Plus connue peut-être, la question de la consommation de charbon a aussi suscité des inquiétudes, abordées en particulier par William Stanley Jevons en 1865. Les progrès des locomotives pouvaient faire craindre à une diminution de la consommation de charbon. Le paradoxe appelé effet rebond, à l’époque rassurant pour les intérêts de la mine, est que cette efficacité énergétique permet au contraire une diffusion massive de l’usage, qui résulte en une consommation accrue de charbon.

Au début du XXe siècle, s’inquiète-t-on déjà de la pollution et des désagréments sanitaires produits par l’utilisation du train ? Entend-on des plaintes à ce sujet, comme l’on peut parler de l’inquiétant « fog » londonien ?

Les inquiétudes sur les effets environnementaux de l’exploitation ferroviaire sont antérieures puisqu’elles remontent au XIXe siècle. Elles concernent notamment la production de fumées et les incendies que les escarbilles pouvaient provoquer le long des voies. Mais ces oppositions ont souvent été marginalisées au profit d’un récit positiviste sur l’avancée du progrès industriel, dont le train est l’une des icônes.

Le train étant une machine à vapeur sur roues, il présente les mêmes défauts que les usines à charbon qui jalonnent progressivement les périphéries urbaines.

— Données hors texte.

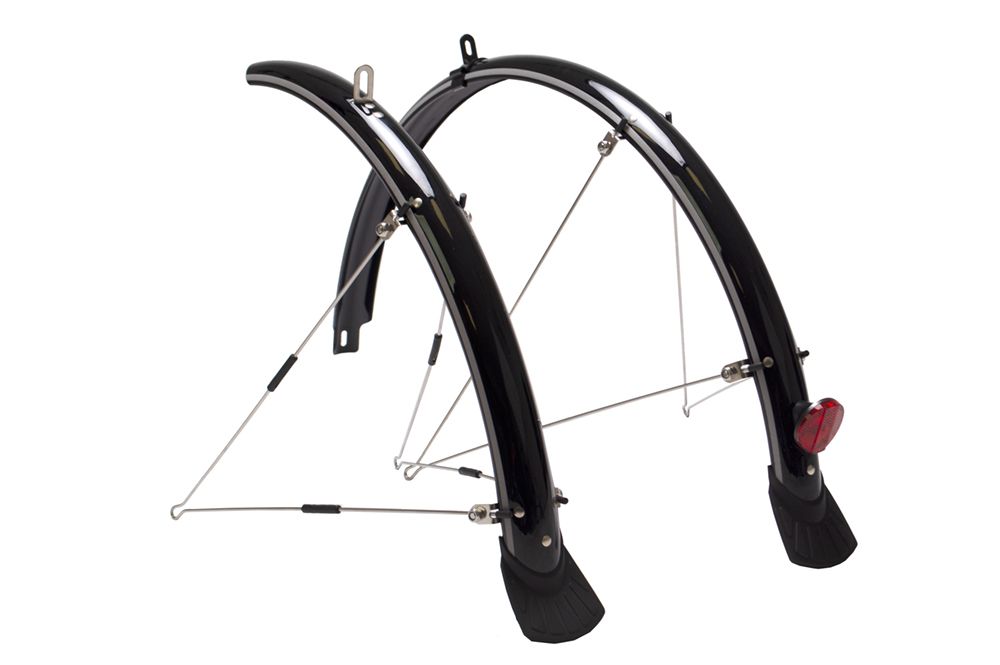 fahrrad schutzblech 26 XLC Reflective 45mm Mit Flaps 26 Zoll Fahrrad Schutzblech Set Schwarz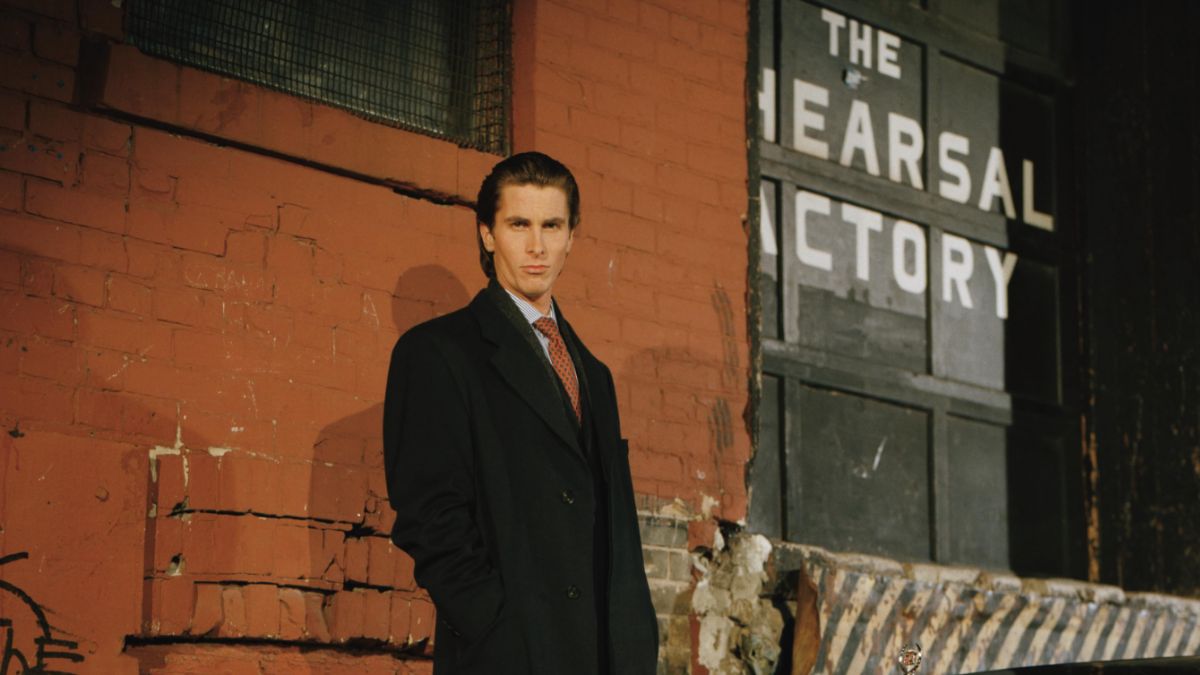 Christian Bale in a BTS still photo from American Psycho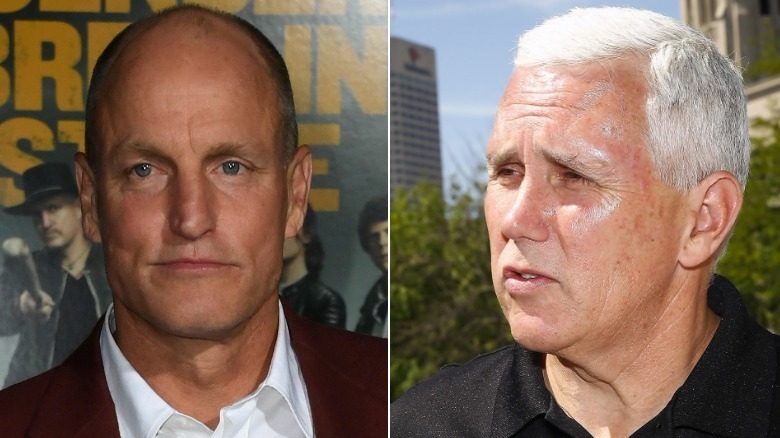Woody Harrelson posing and Mike Pence speaking 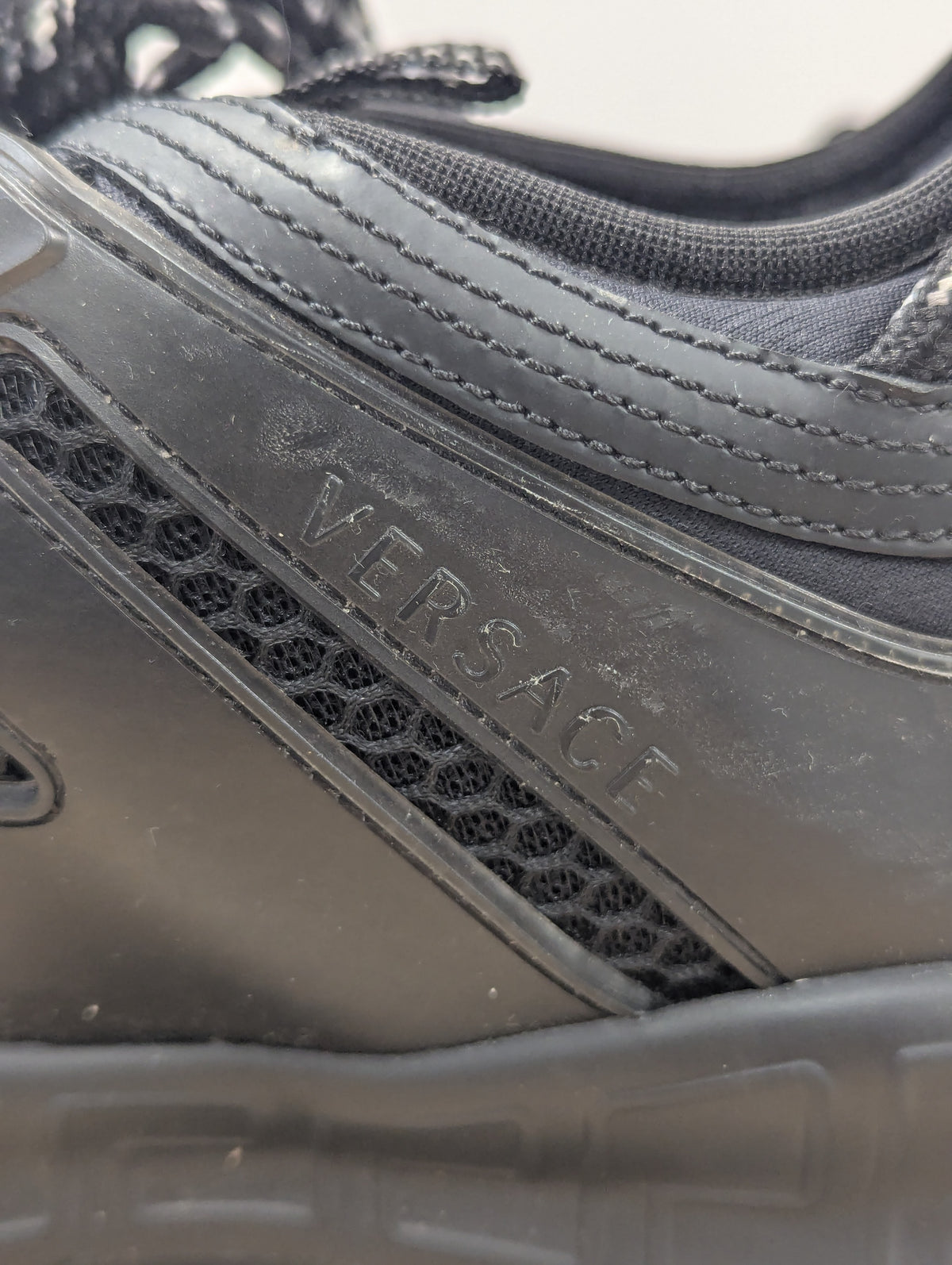 Versace Black Chain Reaction Platform Trainers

Les gares sont des lieux industriels, qui présentent des façades majestueuses, mais dont les coulisses, où les locomotives sont chauffées avant leur démarrage et maintenues entre les trajets, sont des lieux producteurs d’une pollution locale urbaine importante.

Jusqu’à quand les trains avides de charbon circuleront-ils en France ? Y a-t-il eu un ou des événements déterminants ayant accéléré le passage à l’électrique ?

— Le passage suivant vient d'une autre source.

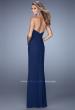 Picture of: Halter Prom Dress with Gathered Bodice and Center Slit in Navy, Style: 21513, Back Picture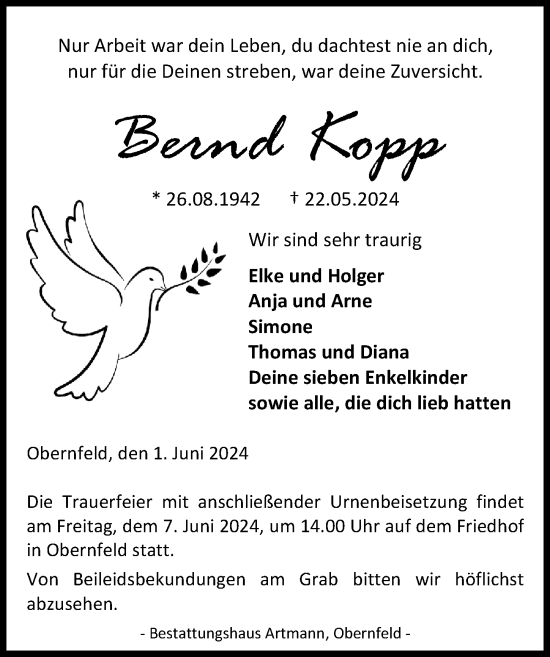 Traueranzeige von Bernd Kopp von Eichsfelder Tageblatt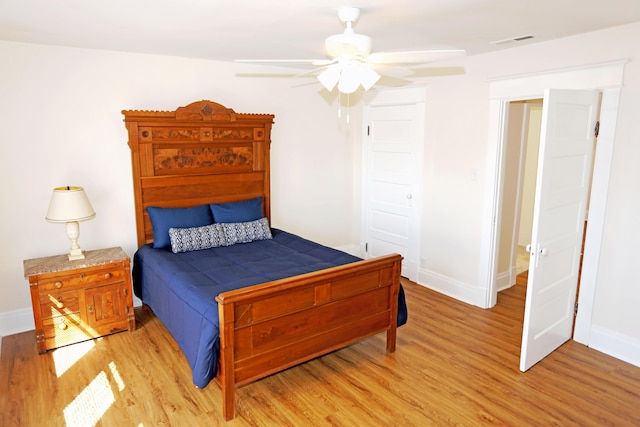 113 Olde Potomac Ave, Winchester, KY 40391 - bedroom featuring baseboards, light wood-style flooring, visible vents, and a ceiling fan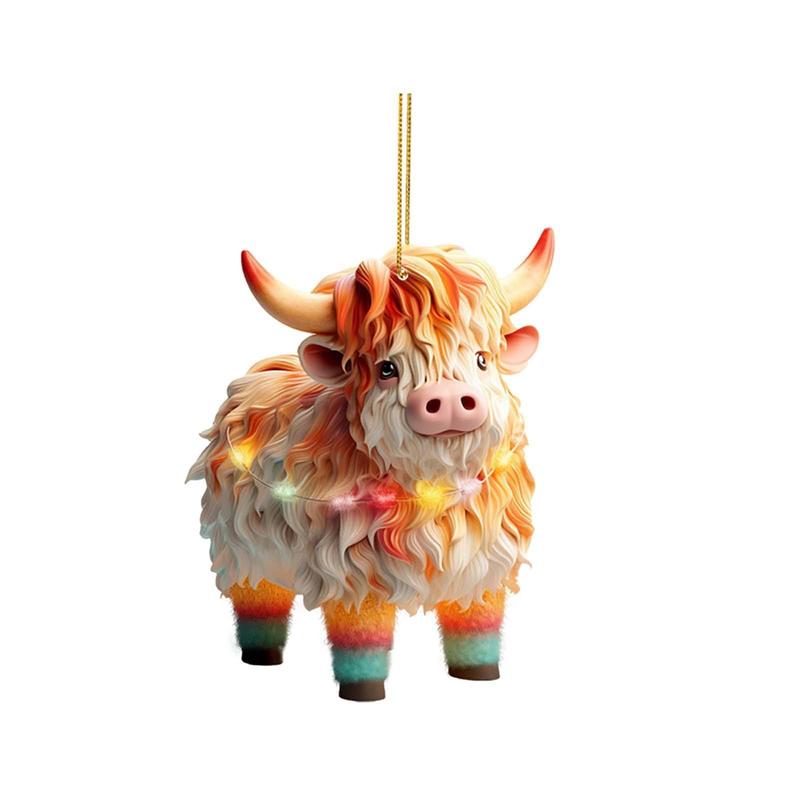 Highland Cow Design Christmas Tree Hanging Ornament, 1 Count Creative Acrylic Hanging Decoration, Festive Decorations for Home Party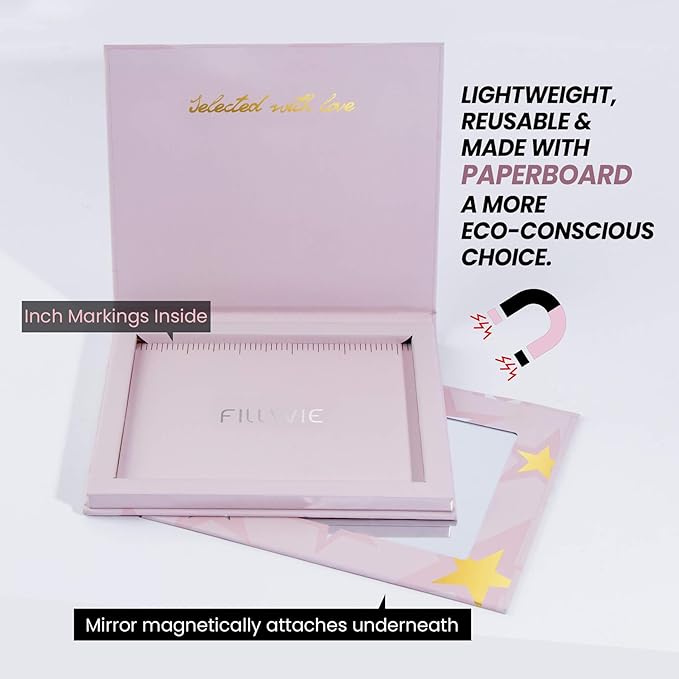 Magnetic Empty Makeup Palette with Mirror – Customizable Refillable Case for Eyeshadow, Blush, Lipstick, Highlighter – Lightweight, Waterproof, with Spatula & 20 Metal Stickers (Pink, Medium)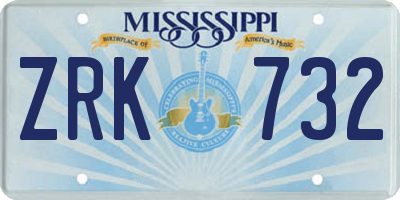 MS license plate ZRK732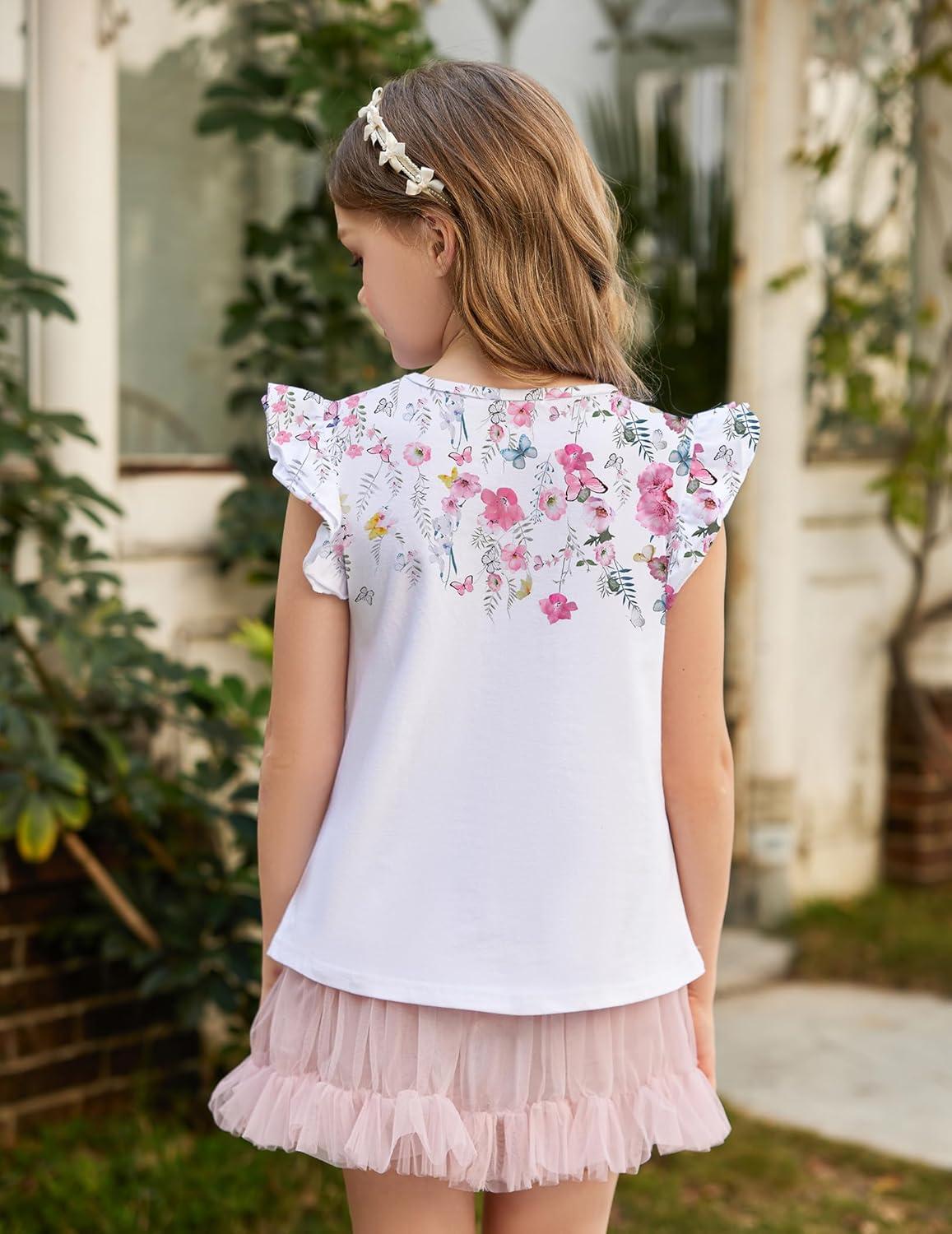 image:imageArshiner Girls Shirts Ruffle Short Sleeve Summer Cute Casual Crewneck Tops Blouse TeeWhite Flower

Les premières électrifications en France remontent au premier tiers du XXe siècle. L’électricité offre une puissance, une souplesse et une disponibilité immédiate, très efficace pour le transport. Elle permet aussi de régler certains problèmes de pollution locale le long des voies – mais il ne faut pas oublier qu’elle est aussi un moyen de déplacer les problèmes. Le mix électrique a longtemps inclus une part de charbon en France, par exemple pour le métro parisien. Mais le ferroviaire a aussi équipé les montagnes françaises, du Massif central aux Pyrénées, en barrages qui lui ont permis de bénéficier d’une électricité que nous qualifierions aujourd’hui de renouvelable, mais qui présente elle aussi ses revers environnementaux.

Le remplacement de la vapeur s’est donc joué au milieu du XXe siècle, s’achevant dans les années 1970, même s’il existe toujours des chemins de fer à vapeur qui circulent à titre touristique et patrimonial. Ce basculement s’est fait au profit de l’électricité mais aussi du diesel, pour ses qualités de puissance et d’efficacité, avec les effets climatiques et de pollutions aux particules fines que l’on connaît pour les moteurs thermiques en général, mais qui ne sont arrivées à l’agenda politique que tardivement.

La pertinence du train aujourd’hui est fondée sur sa grande efficacité énergétique, liée au rail pour le roulage, sur la vitesse qu’elle permet, liée au rail pour le guidage, et sur une électrification qui concerne l’essentiel des trajets effectués en France, avec une électricité à faibles émissions de carbone. Toutefois, le réseau n’est plus ce qu’il a été : il a été diminué de moitié, ce qui le rend incapable d’irriguer le territoire de façon satisfaisante. Les équilibres démographiques, notamment la métropolisation, faite de concentration dans des pôles et de dilatation par la périurbanisation, ne sont pas très favorables au modèle ferroviaire.

À l’échelle internationale, le train retrouve une pertinence qui avait été la sienne au début du XXe siècle : il est capable de voyages continentaux à faible impact carbone et il faut souhaiter qu’il se substitue de façon massive à l’avion, notre société devant réviser son rapport à la vitesse. C’est par un usage accru de ce système que les dépenses énormes que suppose le ferroviaire pourront être rendus pertinentes.

Arnaud Passalacqua est historien et ingénieur. Professeur des universités, il enseigne aujourd’hui à l’École d’urbanisme de Paris. Spécialiste du train et de ses conséquences sociales, il travaille notamment sur les liens entre mobilités, aménagement du territoire et populations.